Prove that for $n \ge 2$ the follow inequality holds $\frac {4^n}{n+1} \lt \frac{(2n)!}{(n!)^2}$. As already shown above I need to prove that $$\frac {4^n}{n+1} \lt \frac{(2n)!}{(n!)^2}\qquad \forall n \ge 2.$$
What I've come up with is the following: 
$\underline{n=2:}\qquad$ $$\frac {16}{3} \lt 6$$
$\underline{n=k:}\qquad $$$\frac {4^k}{k+1} \lt \frac{(2k)!}{(k!)^2}  $$
$\underline{n+1}:$ $$\frac {4^{k+1}}{k+2} \lt \frac{(2(k+1))!}{((k+1)!)^2} $$
 $$\frac{4^k \cdot 4}{k+2} \lt \frac {(2k+2)!}{(k!)^2\cdot(k+1)\cdot(k+1)}$$
$$\frac{4^k \cdot 4}{k+2} \lt  \frac{(k+1)\cdot \ldots \cdot (k + (k-1))\cdot{2k} \cdot (2k+1)\cdot(2k+2)}{(k!)^\require{enclose}\enclose{updiagonalstrike}2\cdot(k+1)\cdot(k+1)}$$
$$\frac{4^k \cdot 4}{k+2} \lt  2 \cdot\frac{\require{enclose}\enclose{updiagonalstrike}{(k+1)}\cdot \ldots \cdot (k + (k-1))\cdot{2k} \cdot (2k+1)\cdot\require{enclose}\enclose{updiagonalstrike}{(k+1)}}{(k!)\cdot\require{enclose}\enclose{updiagonalstrike}{(k+1)}\cdot\require{enclose}\enclose{updiagonalstrike}{(k+1)}}$$
$$\frac{4^k \cdot 4}{k+2} \lt  2 \cdot\frac{{(k+2)}\cdot \ldots \cdot (k + (k-1))\cdot{2k} \cdot (2k+1)}{(k!)}$$
From here on I'm stuck. Can somebody help me please? 

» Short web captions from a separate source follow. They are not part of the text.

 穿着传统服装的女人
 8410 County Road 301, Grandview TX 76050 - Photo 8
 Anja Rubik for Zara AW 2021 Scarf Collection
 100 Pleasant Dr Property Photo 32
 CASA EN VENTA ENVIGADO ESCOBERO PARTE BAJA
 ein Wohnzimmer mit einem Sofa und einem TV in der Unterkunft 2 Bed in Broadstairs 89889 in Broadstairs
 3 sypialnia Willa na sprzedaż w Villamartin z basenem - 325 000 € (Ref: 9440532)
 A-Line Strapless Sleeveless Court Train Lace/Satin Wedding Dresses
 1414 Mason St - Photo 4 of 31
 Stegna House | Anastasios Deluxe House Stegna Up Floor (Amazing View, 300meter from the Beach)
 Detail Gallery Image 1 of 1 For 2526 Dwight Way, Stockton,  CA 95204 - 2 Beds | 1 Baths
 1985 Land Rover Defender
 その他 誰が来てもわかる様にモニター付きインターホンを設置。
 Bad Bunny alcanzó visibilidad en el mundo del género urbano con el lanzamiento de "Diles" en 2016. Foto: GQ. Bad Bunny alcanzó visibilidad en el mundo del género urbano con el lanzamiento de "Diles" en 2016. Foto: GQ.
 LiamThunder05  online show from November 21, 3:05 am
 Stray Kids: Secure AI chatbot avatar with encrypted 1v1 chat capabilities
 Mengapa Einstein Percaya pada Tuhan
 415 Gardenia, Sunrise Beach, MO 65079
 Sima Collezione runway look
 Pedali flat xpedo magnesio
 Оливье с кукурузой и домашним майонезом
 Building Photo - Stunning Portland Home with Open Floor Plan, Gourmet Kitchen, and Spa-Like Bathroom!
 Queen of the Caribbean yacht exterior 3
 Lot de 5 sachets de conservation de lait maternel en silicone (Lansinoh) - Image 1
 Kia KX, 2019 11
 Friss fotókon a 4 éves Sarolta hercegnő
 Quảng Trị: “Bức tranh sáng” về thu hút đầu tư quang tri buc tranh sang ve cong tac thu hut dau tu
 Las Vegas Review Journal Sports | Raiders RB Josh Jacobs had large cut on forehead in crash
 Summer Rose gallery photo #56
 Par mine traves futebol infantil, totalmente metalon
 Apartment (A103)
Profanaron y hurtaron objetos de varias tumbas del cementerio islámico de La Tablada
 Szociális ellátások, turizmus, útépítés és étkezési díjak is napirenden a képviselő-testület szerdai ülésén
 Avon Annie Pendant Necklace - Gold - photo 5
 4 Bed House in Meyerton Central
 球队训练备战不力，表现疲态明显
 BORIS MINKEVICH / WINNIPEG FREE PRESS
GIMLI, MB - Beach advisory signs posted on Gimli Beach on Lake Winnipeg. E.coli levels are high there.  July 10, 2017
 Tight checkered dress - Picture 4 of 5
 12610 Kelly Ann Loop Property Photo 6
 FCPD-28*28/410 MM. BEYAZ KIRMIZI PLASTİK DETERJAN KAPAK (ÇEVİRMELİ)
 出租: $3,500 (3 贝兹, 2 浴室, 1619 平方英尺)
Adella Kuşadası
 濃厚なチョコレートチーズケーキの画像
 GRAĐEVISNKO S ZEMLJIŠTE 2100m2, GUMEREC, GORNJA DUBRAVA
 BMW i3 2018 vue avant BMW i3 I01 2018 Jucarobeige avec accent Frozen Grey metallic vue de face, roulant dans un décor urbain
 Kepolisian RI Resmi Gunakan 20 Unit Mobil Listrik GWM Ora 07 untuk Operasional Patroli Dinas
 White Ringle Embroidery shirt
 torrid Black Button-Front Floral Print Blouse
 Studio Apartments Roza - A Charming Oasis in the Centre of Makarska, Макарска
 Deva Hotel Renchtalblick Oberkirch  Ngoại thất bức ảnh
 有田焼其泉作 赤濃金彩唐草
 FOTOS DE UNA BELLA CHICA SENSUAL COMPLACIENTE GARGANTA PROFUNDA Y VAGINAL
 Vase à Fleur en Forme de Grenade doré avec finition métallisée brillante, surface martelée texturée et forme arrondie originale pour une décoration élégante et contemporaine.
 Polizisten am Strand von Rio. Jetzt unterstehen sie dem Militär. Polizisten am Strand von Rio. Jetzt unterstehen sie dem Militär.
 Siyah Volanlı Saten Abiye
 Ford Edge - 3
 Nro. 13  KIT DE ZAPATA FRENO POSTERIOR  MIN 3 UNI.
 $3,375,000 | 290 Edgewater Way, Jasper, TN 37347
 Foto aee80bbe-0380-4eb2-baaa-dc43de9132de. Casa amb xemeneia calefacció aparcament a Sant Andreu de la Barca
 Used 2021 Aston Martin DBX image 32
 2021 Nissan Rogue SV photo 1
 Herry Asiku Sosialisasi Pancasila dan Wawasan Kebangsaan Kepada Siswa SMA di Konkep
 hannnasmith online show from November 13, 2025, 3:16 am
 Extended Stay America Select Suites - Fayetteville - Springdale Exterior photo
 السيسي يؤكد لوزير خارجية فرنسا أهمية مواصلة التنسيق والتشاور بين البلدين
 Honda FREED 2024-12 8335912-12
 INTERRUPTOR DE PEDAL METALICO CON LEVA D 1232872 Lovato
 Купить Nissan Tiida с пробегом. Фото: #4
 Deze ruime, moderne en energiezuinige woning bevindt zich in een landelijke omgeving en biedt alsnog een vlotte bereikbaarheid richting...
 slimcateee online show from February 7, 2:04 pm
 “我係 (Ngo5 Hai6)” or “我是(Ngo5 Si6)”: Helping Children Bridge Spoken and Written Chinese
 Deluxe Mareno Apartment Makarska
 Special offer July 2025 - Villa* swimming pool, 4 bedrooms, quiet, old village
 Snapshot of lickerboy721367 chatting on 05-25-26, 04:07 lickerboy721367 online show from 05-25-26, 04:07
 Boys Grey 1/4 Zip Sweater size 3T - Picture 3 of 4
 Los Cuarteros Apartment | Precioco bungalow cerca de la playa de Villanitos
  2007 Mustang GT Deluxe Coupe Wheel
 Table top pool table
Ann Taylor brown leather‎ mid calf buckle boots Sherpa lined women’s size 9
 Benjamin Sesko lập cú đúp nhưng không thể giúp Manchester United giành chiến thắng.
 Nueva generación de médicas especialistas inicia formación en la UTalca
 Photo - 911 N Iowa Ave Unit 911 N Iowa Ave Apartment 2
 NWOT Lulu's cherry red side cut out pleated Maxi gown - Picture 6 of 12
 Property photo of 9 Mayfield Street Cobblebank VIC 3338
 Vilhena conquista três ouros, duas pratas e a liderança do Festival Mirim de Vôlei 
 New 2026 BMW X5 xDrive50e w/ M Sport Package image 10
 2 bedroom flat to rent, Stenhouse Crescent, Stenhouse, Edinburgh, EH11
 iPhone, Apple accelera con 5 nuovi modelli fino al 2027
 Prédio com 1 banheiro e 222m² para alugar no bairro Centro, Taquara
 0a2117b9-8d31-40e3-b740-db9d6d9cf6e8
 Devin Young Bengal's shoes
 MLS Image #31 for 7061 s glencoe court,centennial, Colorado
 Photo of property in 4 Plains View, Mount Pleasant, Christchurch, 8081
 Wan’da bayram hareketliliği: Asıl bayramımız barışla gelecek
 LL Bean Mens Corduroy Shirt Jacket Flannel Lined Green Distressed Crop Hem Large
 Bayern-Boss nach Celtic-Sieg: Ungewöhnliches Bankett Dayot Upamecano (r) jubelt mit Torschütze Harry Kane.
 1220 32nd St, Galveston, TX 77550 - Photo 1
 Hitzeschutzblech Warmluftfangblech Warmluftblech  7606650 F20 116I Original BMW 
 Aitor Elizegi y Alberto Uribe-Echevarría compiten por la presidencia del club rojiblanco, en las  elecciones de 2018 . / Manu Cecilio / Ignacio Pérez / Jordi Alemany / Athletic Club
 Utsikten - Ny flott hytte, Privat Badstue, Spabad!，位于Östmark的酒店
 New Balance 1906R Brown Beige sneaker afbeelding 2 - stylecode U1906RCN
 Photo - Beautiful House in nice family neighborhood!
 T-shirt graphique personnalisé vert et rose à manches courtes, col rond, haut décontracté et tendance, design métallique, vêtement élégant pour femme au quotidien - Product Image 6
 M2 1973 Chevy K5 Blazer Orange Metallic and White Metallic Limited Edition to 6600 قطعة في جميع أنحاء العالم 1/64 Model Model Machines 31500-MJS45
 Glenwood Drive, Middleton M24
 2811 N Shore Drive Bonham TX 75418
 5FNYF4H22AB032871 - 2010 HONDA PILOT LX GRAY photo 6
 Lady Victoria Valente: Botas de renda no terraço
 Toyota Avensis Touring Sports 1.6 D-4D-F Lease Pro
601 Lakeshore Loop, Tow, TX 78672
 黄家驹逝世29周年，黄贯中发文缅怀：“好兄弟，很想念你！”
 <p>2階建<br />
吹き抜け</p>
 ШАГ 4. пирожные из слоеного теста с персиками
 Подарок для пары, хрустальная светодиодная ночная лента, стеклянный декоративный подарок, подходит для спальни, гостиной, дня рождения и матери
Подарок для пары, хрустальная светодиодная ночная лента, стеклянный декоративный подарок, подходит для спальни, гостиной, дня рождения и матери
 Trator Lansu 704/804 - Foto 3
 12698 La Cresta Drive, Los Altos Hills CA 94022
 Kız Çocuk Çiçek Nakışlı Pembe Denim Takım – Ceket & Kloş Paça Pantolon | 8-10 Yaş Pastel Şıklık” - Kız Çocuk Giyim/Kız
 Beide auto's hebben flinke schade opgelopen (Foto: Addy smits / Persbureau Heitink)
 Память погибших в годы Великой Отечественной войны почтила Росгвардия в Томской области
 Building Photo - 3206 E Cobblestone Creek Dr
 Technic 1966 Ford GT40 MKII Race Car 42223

 A: For $k+1$ it is equivalent to
$$
\frac{4^k}{k+1}<\frac{(2k+1)(k+2)(2k)!}{2(k+1)^2(k!)^2}$$
It is enough to prove that
$$\frac{(2k+1)(k+2)}{2(k+1)^2}>1$$
Notice that the above fraction is monotonically decreasing and its limit at $k\to\infty$ is $1$, therefore it is always greater than $1$.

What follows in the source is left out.